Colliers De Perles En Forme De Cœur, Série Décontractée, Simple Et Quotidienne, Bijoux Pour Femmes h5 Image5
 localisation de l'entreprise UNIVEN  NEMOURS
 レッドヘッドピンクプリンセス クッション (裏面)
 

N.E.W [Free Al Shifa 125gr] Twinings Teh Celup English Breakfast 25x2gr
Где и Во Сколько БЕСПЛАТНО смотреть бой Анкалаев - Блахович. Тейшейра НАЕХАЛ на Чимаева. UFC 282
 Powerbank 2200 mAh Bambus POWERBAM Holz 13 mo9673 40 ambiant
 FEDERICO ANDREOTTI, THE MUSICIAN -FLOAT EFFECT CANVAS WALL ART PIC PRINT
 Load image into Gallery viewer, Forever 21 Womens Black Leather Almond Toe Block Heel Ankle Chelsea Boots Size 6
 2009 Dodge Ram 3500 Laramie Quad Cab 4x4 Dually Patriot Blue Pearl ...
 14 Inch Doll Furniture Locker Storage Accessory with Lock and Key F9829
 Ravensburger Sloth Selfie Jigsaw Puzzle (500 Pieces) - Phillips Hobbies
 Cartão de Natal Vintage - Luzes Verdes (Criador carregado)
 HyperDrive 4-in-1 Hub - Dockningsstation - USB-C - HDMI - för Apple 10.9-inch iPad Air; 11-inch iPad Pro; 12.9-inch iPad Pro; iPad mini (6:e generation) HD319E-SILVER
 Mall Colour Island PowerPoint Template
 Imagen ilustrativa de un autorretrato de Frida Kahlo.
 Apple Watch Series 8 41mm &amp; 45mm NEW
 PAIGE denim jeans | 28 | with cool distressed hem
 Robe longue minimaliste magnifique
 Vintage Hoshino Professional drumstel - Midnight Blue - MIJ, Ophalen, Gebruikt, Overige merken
◆ ◆ ◆ ◆ ◆ ◆ ◆
Activity: Output, unchanged, the lines of the listing above from the first one through the one holding "Load image into". Leave out every line after it.

Result below:
Colliers De Perles En Forme De Cœur, Série Décontractée, Simple Et Quotidienne, Bijoux Pour Femmes h5 Image5
 localisation de l'entreprise UNIVEN  NEMOURS
 レッドヘッドピンクプリンセス クッション (裏面)
 

N.E.W [Free Al Shifa 125gr] Twinings Teh Celup English Breakfast 25x2gr
Где и Во Сколько БЕСПЛАТНО смотреть бой Анкалаев - Блахович. Тейшейра НАЕХАЛ на Чимаева. UFC 282
 Powerbank 2200 mAh Bambus POWERBAM Holz 13 mo9673 40 ambiant
 FEDERICO ANDREOTTI, THE MUSICIAN -FLOAT EFFECT CANVAS WALL ART PIC PRINT
 Load image into Gallery viewer, Forever 21 Womens Black Leather Almond Toe Block Heel Ankle Chelsea Boots Size 6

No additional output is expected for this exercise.